Exercise requirements: Strip out all images, then restate the data verbatim.

Information provided:
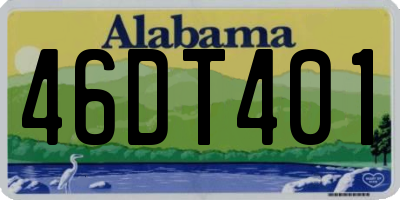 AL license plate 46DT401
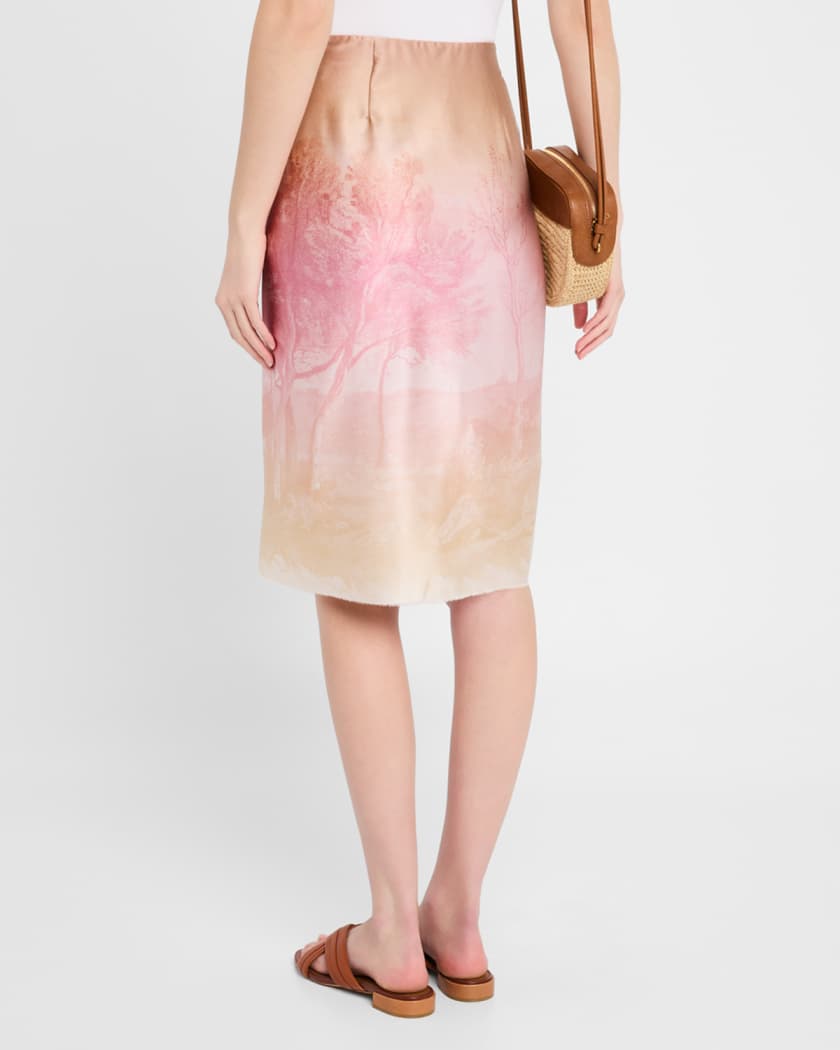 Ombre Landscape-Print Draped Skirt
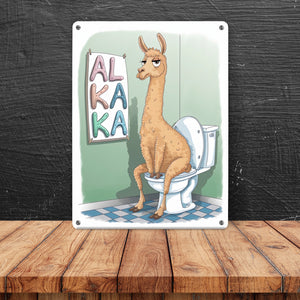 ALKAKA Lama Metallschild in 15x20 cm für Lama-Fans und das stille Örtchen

Result of the exercise:
 AL license plate 46DT401
 Ombre Landscape-Print Draped Skirt
 ALKAKA Lama Metallschild in 15x20 cm für Lama-Fans und das stille Örtchen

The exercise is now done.